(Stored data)

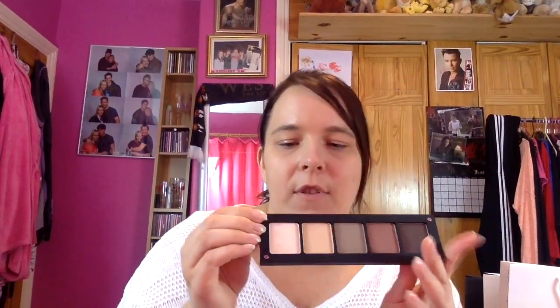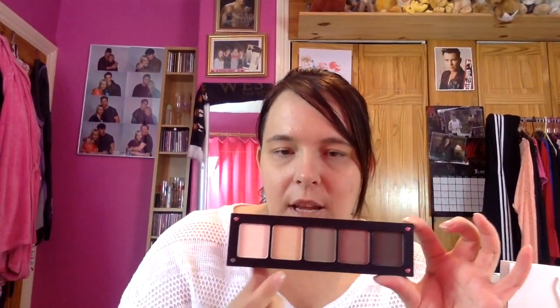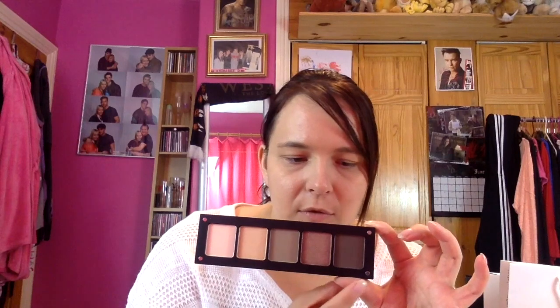The next place I went to was Inglot. From them, the first thing I picked up was Duraline — I got this to use for cream or gel products like my brow pomades to help bring them back to life. This was on offer for £6 at the show — 40% discount. Then I did two separate orders with them, so I got two little samples: the Mattifying Under Makeup Base and the normal Under Makeup Base. Then I picked up one of their Freedom Systems and made my own palette with five different shades — 353, 07, 342, 12, and 329.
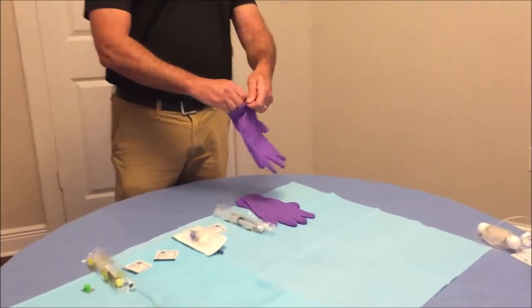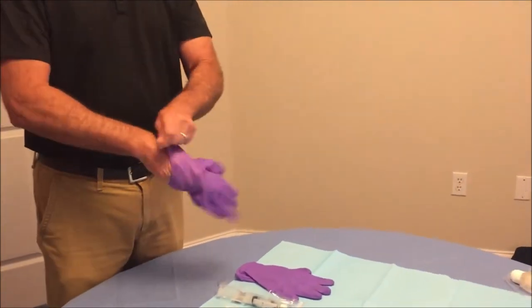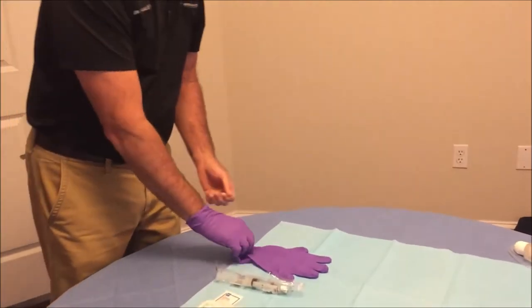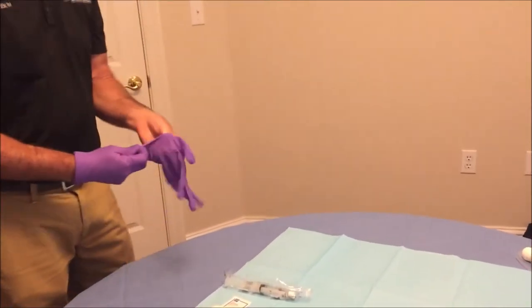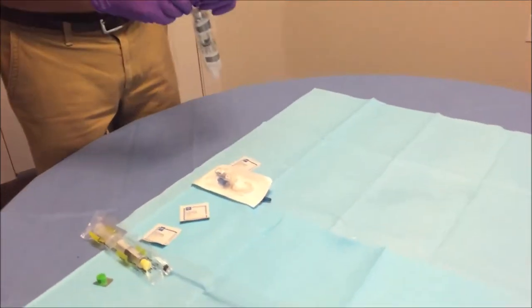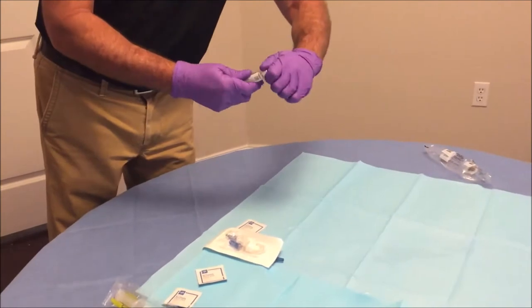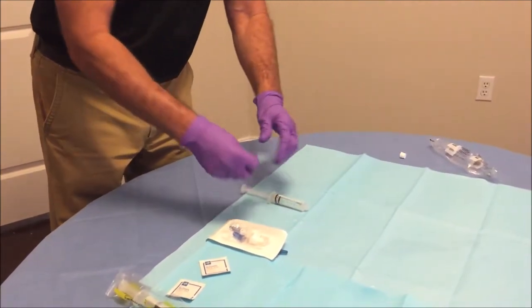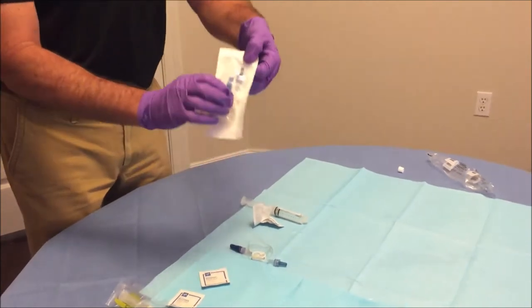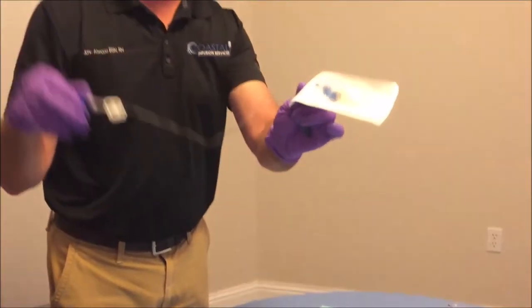So let's get started. After washing your hands for 30 seconds with warm soapy water, put on your gloves and then open your supplies. Take out your normal saline, remove the white cap, open your alcohol prep, and remove your extension set from the packaging.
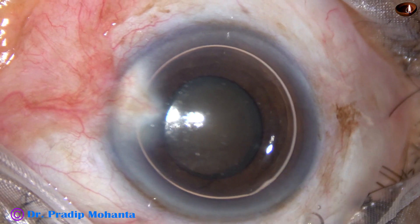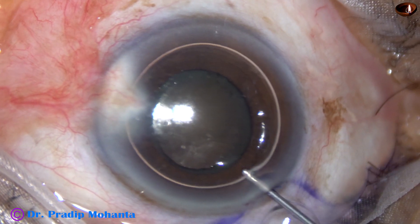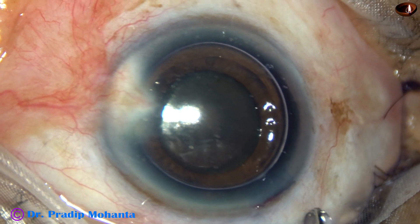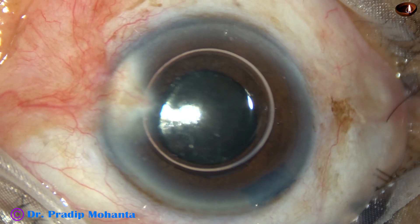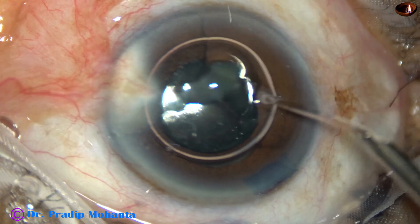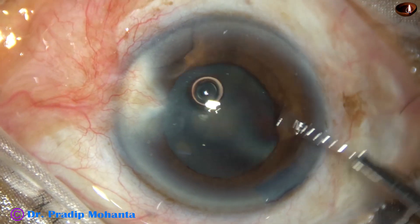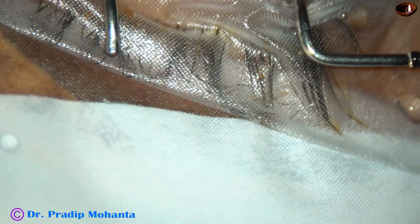An air bubble is injected into the anterior chamber, and then trypan blue dye is applied over the anterior capsule. A little bit of adrenaline is administered into the anterior chamber to see if the pupil dilates a little more. But in this case, the pupil did not dilate with application of adrenaline. So this is a 5 mm rigid pupil.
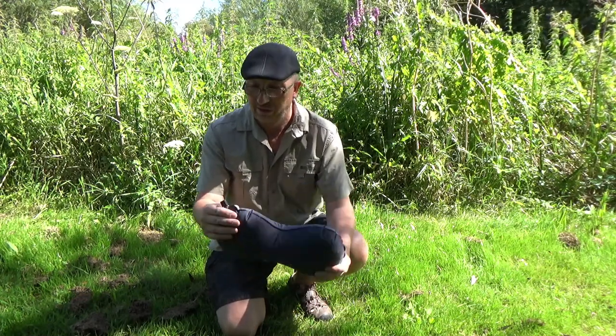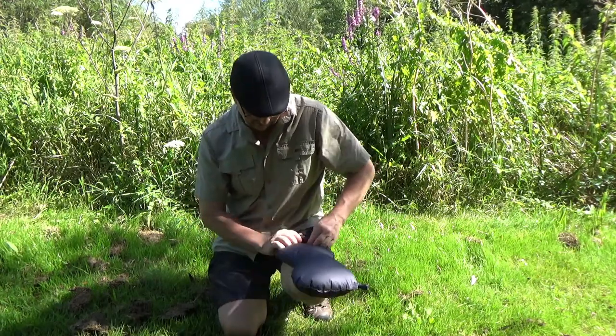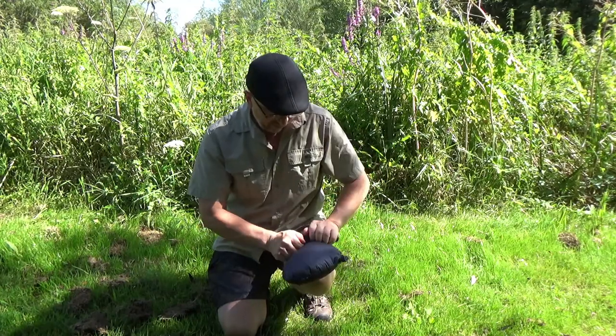£20 isn't really dear either. The edges look really well done, and the valve looks good quality, so hopefully it'll last — we'll see.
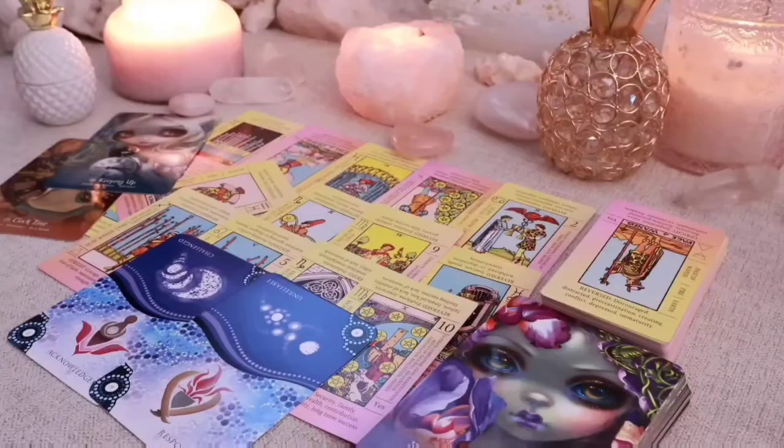It's something unexpected, so those are the energies for those two weeks. Now I'm going to be using the Vanessa Tarot for the main read.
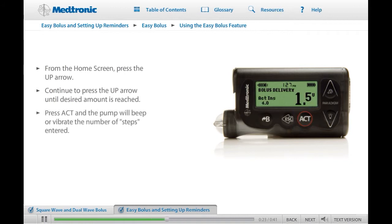The pump will now count back in beeps or vibrate the number of steps you have entered. If the number of steps is correct, press Act to start the delivery. When you first use the Easy Bolus feature, watch the screen as you press the Up arrow button. You'll learn that a different beep will occur for each step.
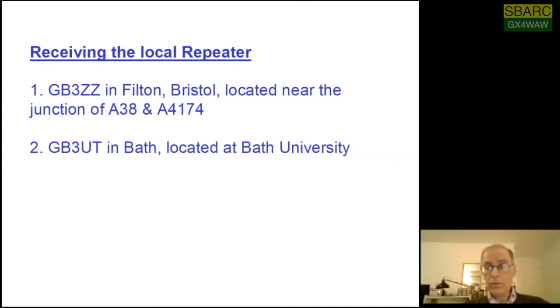GB3UT is not working as well as it used to, and it is still actually an analogue repeater — still transmitting wideband FM video, although it does have a digital input on 23 centimetres. So a lot of what I'm saying could apply to GB3UT, except that you would use an analogue television satellite receiver rather than a digital one. And of course, since there are no analogue satellite transmissions in Europe now, getting the appropriate receiver — unless you happen to hoard a few like I have — is a bit difficult.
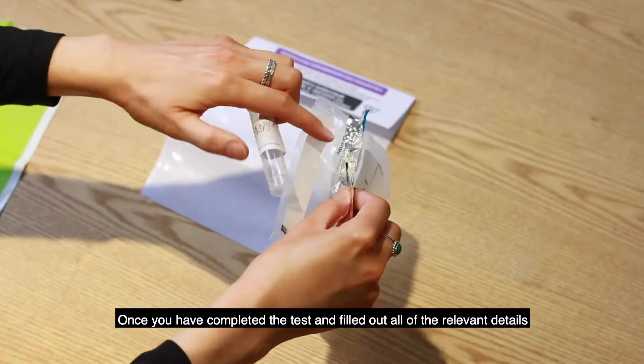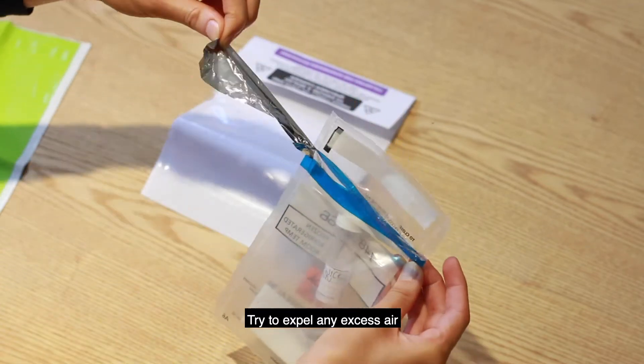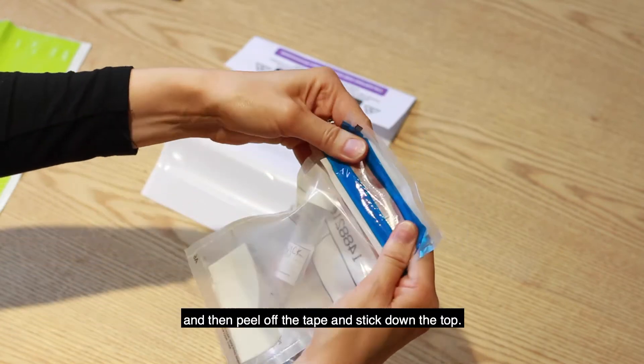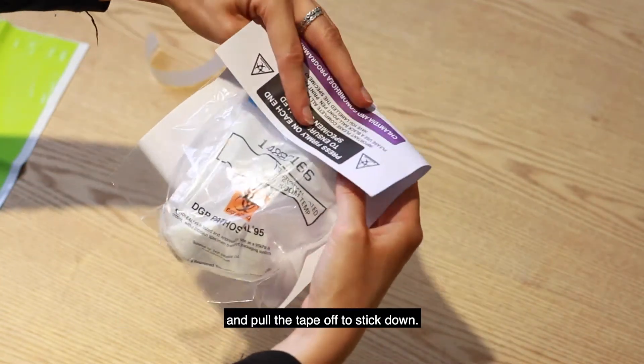Once you have completed the test and filled out all of the relevant details, carefully place the specimen tube in the small plastic bag. Try to expel any excess air and then peel off the tape and stick down the top. Place the small plastic bag into the plastic pouch at the back of the form and pull the tape off to stick down.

ACTION ITEM
Restate word for word the lines from the one holding "The pump will" down through the last line of the records above, and do not include the pictures.

ANSWER TO THE EXERCISE
The pump will now count back in beeps or vibrate the number of steps you have entered. If the number of steps is correct, press Act to start the delivery. When you first use the Easy Bolus feature, watch the screen as you press the Up arrow button. You'll learn that a different beep will occur for each step.
GB3UT is not working as well as it used to, and it is still actually an analogue repeater — still transmitting wideband FM video, although it does have a digital input on 23 centimetres. So a lot of what I'm saying could apply to GB3UT, except that you would use an analogue television satellite receiver rather than a digital one. And of course, since there are no analogue satellite transmissions in Europe now, getting the appropriate receiver — unless you happen to hoard a few like I have — is a bit difficult.
Once you have completed the test and filled out all of the relevant details, carefully place the specimen tube in the small plastic bag. Try to expel any excess air and then peel off the tape and stick down the top. Place the small plastic bag into the plastic pouch at the back of the form and pull the tape off to stick down.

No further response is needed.